Razeby finally moved his gaze to her, letting his eyes wander from the green sparkle of her slippers, slowly up the silky green skirt, over her bodice and her breasts, until it finally met her own. Her heart was hammering harder than a blacksmith’s hammer against an anvil, her pulse pounding so fast in her throat that she felt sick.
His gaze was long and cool, his mouth unsmiling. ‘Charming indeed. But it is not the word I would use.’
Irresistible. The word whispered between them, and all that had passed between them while she was wearing this dress was there in the room, making the nerves flutter all the more wildly in her stomach.
She tore her gaze away. Swallowed. Oh, Lord! She quailed at the challenge, longed only to walk away. But she knew she could not do that. So, instead, she breathed and she stood there.
‘Shall we dance, Miss Sweetly?’ Devlin smiled.
‘I thought you’d never ask,’ she said and she meant it. Anything to get her away from Razeby and that terrible sense of something brewing, and the feeling that she could not have got this more wrong. She forced a tight smile and let Devlin lead her onto the floor.
Devlin did not return them to Razeby and Linwood. And she did not look at Razeby again, just got on with the evening. Danced two dances with Devlin. Drank half a glass of champagne. Smiled. Pretended she was interested in what Devlin was saying, that she was not conscious for every second of Razeby and the fact that he did not once dance.
Razeby saw Alice the minute she came into the room. He saw the evening dress she was wearing—the emerald silk—and he understood her message too well.
By his side he knew Linwood was watching her, too. Every man and woman in the room was. How could they fail to? She was the celebrated Miss Sweetly and looked golden and radiant and downright irresistible.
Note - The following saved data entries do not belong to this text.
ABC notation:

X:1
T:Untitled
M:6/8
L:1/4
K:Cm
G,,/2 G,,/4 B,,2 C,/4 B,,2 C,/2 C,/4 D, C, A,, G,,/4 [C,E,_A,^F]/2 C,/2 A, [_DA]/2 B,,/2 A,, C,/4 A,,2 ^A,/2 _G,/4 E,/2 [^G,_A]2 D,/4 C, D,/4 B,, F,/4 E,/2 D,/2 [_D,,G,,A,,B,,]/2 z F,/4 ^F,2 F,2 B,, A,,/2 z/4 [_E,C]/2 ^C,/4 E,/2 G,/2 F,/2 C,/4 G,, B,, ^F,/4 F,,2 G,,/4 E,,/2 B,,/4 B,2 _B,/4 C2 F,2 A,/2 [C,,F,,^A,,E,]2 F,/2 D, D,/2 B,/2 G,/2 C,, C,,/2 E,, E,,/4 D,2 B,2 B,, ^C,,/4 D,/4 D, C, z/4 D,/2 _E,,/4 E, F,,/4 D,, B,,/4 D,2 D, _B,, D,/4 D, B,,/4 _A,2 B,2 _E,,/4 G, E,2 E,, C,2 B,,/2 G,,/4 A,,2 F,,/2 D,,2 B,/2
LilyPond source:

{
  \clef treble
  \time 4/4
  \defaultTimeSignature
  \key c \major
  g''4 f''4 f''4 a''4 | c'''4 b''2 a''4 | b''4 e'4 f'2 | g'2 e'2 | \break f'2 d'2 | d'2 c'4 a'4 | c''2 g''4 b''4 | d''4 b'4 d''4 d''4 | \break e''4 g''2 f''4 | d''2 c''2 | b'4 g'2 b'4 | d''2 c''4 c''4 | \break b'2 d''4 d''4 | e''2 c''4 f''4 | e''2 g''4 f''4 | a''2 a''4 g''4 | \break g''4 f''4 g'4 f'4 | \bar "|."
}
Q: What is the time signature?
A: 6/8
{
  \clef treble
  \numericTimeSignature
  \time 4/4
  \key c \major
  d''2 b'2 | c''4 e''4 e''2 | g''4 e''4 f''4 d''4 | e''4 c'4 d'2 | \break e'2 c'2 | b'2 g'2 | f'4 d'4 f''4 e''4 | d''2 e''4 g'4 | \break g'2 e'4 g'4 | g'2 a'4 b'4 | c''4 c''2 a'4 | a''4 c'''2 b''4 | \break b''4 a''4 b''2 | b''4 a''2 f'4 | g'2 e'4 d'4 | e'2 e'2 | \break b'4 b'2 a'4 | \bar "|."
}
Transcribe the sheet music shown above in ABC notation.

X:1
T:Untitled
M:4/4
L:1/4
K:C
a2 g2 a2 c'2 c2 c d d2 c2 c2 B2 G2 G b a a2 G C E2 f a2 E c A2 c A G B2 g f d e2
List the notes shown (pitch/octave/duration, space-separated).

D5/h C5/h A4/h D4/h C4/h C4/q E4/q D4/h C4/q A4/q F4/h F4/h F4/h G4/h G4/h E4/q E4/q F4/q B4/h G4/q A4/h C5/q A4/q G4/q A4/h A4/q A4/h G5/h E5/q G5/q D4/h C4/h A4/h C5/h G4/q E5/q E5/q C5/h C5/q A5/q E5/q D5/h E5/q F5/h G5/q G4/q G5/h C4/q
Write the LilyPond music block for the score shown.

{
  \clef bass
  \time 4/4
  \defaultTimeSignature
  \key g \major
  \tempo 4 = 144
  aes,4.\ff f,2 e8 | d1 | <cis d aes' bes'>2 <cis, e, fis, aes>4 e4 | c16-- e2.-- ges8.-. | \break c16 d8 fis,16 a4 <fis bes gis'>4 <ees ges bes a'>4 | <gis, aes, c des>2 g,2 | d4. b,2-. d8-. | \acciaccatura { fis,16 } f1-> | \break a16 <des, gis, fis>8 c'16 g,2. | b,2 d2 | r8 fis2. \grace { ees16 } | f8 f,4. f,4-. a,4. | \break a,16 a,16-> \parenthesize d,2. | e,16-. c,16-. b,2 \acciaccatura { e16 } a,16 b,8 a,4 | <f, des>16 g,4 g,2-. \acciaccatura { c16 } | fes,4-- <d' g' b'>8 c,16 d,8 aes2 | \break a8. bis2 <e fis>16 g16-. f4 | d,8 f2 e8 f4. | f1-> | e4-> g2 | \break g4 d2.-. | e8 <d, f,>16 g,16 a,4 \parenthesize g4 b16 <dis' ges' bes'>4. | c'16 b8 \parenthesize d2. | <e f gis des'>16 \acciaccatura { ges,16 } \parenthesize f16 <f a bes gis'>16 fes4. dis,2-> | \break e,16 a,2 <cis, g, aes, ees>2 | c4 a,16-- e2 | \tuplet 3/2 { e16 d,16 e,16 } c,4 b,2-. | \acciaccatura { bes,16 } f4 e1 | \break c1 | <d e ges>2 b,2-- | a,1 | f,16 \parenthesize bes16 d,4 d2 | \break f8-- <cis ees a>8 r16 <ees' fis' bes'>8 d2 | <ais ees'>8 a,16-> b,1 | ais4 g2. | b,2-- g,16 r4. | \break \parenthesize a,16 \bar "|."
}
He thought of the rows of fine silks and satins she had left hanging in her wardrobe in Hart Street, and of the diamond bracelet and cheque that she had turned her back on. He had not understood it at the time. But now he did. She had chosen her weapon well. Saved it. And now she wielded it, pointed and sharp as a stiletto blade.
Linwood murmured something, but his friend’s voice went as unheard as the music that played.
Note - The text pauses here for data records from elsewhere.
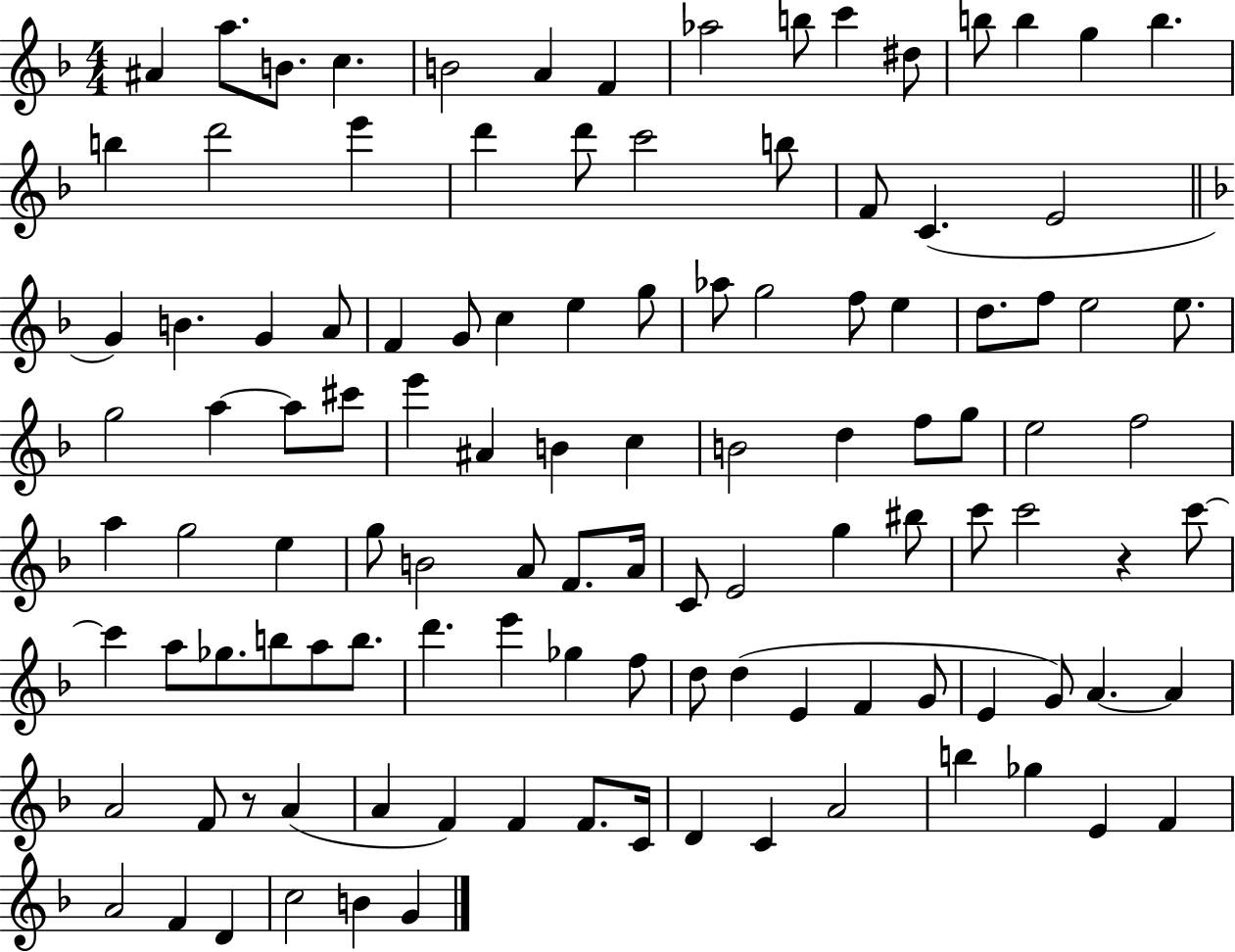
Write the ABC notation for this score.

X:1
T:Untitled
M:4/4
L:1/4
K:F
^A a/2 B/2 c B2 A F _a2 b/2 c' ^d/2 b/2 b g b b d'2 e' d' d'/2 c'2 b/2 F/2 C E2 G B G A/2 F G/2 c e g/2 _a/2 g2 f/2 e d/2 f/2 e2 e/2 g2 a a/2 ^c'/2 e' ^A B c B2 d f/2 g/2 e2 f2 a g2 e g/2 B2 A/2 F/2 A/4 C/2 E2 g ^b/2 c'/2 c'2 z c'/2 c' a/2 _g/2 b/2 a/2 b/2 d' e' _g f/2 d/2 d E F G/2 E G/2 A A A2 F/2 z/2 A A F F F/2 C/4 D C A2 b _g E F A2 F D c2 B G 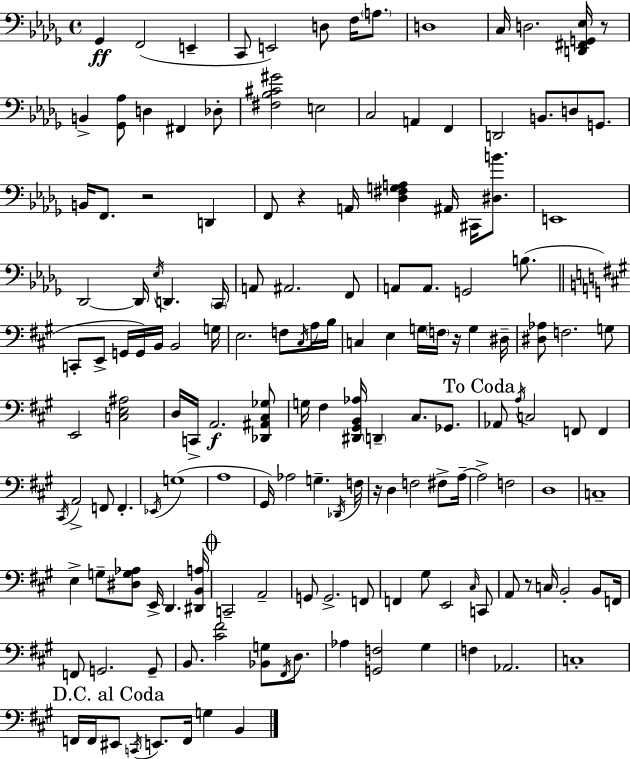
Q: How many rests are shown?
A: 6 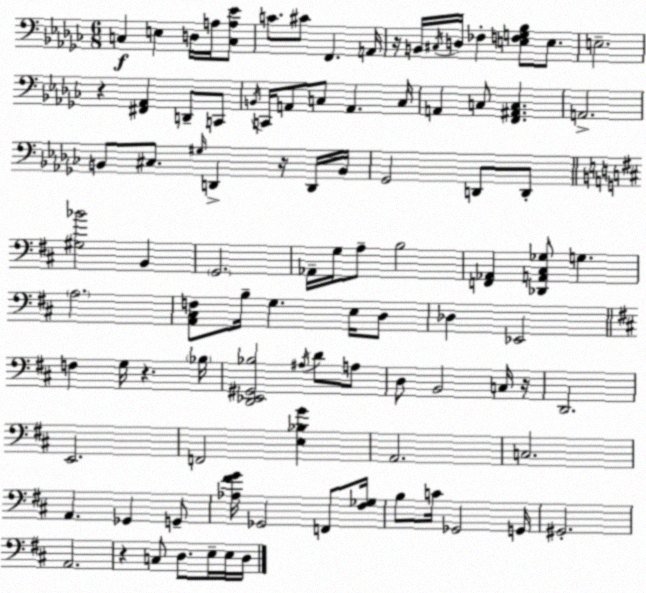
X:1
T:Untitled
M:6/8
L:1/4
K:Ebm
C, E, D,/4 A,/4 [C,A,_E]/2 C/2 ^C/2 F,, A,,/4 z/4 B,,/4 ^C,/4 D,/4 _F, [E,F,G,_B,]/2 E,/2 E,2 z [^F,,_A,,] D,,/2 C,,/2 B,,/4 C,,/4 A,,/2 C,/2 A,, C,/4 A,, C,/2 [F,,^A,,C,] A,,2 B,,/2 ^C,/2 ^G,/4 D,, z/4 D,,/4 B,,/4 _G,,2 D,,/2 D,,/2 [^G,_B]2 B,, G,,2 _A,,/4 G,/4 A,/2 B,2 [F,,_A,,] [_D,,A,,^C,_G,]/2 G, A,2 [A,,^C,F,]/2 B,/4 G, E,/4 D,/2 _D, _E,,2 F, G,/4 z _B,/4 [D,,_E,,^G,,_B,]2 ^A,/4 D/2 A,/2 D,/2 B,,2 C,/4 z/4 D,,2 E,,2 F,,2 [E,_B,G] A,,2 C,2 A,, _G,, G,,/2 [_A,^FG]/4 _G,,2 F,,/2 [^F,_G,]/4 B,/2 C/4 _G,,2 G,,/4 ^G,,2 A,,2 z C,/2 D,/2 E,/4 E,/4 D,/4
He watched Devlin lead her out on the floor. He knew he should go and claim a woman to dance with. Any woman. It would not matter. But he did not. He just stood there and watched Devlin handle her upon the dance floor, wearing that dress.
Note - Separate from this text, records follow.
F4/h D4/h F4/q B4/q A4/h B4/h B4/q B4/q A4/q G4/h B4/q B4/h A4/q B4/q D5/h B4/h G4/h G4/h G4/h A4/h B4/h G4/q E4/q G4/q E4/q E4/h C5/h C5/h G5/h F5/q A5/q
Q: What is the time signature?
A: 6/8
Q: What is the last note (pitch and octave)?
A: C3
He could hear the beat of his own heart, the rhythmic thump so hard that it seemed to reverberate in his throat, through his bones, deafening in his ears.
She did not look at him. She did not need to.
And all of the past was whispering through him, taunting him as surely as she was.
Something inside of him felt dangerously close to snapping.
Alice sipped her champagne and let herself relax a little. They were halfway through the evening. She had got this far. She could manage the rest of it. Just about.
The notes of the next piece of music began, just those first few notes and her stomach sank and her blood turned to ice. And she was gripping the glass so tight that her knuckles shone white.
Fate could not be so cruel. Please God, let her be mistaken.
But the notes played on, blossoming into music, and there could be no mistake. She knew that music, knew that dance. The Volse. Their dance. Hers and Razeby’s.
Her heart faltered, stumbling over its beats.
‘Shall we dance, Miss Sweetly?’ Devlin’s voice was warm and close.
She felt frozen with horror. No! she wanted to say, categorically, unreservedly. No! It wasn’t supposed to be like this. ‘I’m only halfway through my champagne, Lord Devlin. We’ll dance the next one.’ She forced the smile to her lips.
‘Come, Miss Sweetly,’ he chided in a teasing tone. ‘Leave the champagne. I’ll buy you a bottle of the stuff when we come off the floor.’ And then to her horror he held his hand out in a gesture that was an obvious invitation on to the dance floor. Anyone that was looking would have known that he was asking her to dance.